On today’s date in 1987, the “loonie” entered circulation as 80 million $1 coins were introduced in major cities across Canada.
Two years later, the Bank of Canada ceased production of the country’s $1 banknote, which was said to be 20 times less durable than coinage. At the time, it was the most significant change to Canada’s coinage system in more than 50 years.
While the $1 coin was introduced as a cost-saving measure, it wasn’t immediately popular with the public. It did, however, quickly earn its “loonie” moniker, which was owed to the solitary loon gracing the coin’s reverse.
“‘Loonie’ wasn’t the warm fuzzy word that it’s turned into now,” Bret Evans, former CCN editor, told the National Post in 2012.
The year it was introduced, Ontario waitress Lisa Vorkapich told the Windsor Star: “Nobody wants to carry coin. Do you know how heavy that would be on a tray? All the waitresses will have to start lifting weights.”
Even a year after the coin entered circulation, polls pinned support for the loonie at less than 40 per cent, the Post reported.
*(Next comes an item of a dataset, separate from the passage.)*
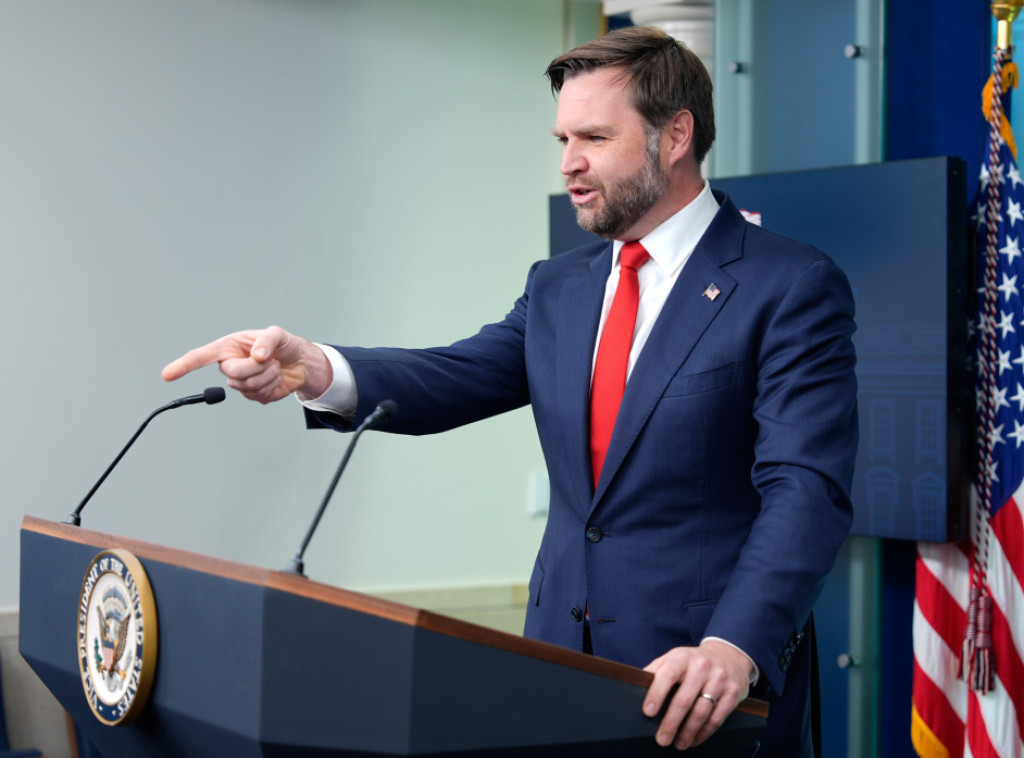 Vens: Mladim republikancima optuženim za rasizam ne bi trebalo da se unište životi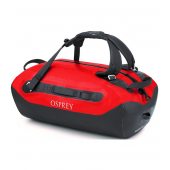 OSPREY TRANSPORTER WP DUFFEL 40 mars orange + DÁREK DLE VÝBĚRU!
Fast forward 25 years, however, and more than 70 per cent of Canadians consider the loonie a “recognizable symbol of Canada,” then-Mint CEO Beverley Lepine told a U.S. congressional committee in November 2012.
FROM VOYAGEUR TO LOON
The original master dies for the $1 coin – the one depicting a motif of a voyageur – were lost on their way to Winnipeg in November 1986.
Because the dies for both sides of the coin were shipped together, it was possible a counterfeiter could obtain them and wreak havoc on Canada’s banking system.
The government authorized a redesign, which depicted the lonely loon.
Designed by Northern Ontario wildlife artist Robert-Ralph Carmichael and engraved by Royal Canadian Mint engraver Terrence N.E. Smith, the original loonies were struck in 91.5 per cent nickel and 8.5 per cent bronze and had a weight of seven grams, a diameter of 26.72 millimetres and a thickness of 1.95 millimetres.
The 11-sided $1 coin is produced at the Mint’s Winnipeg facility along with the rest of Canada’s circulation coins.
Since 1987, about two billion loonies have been produced.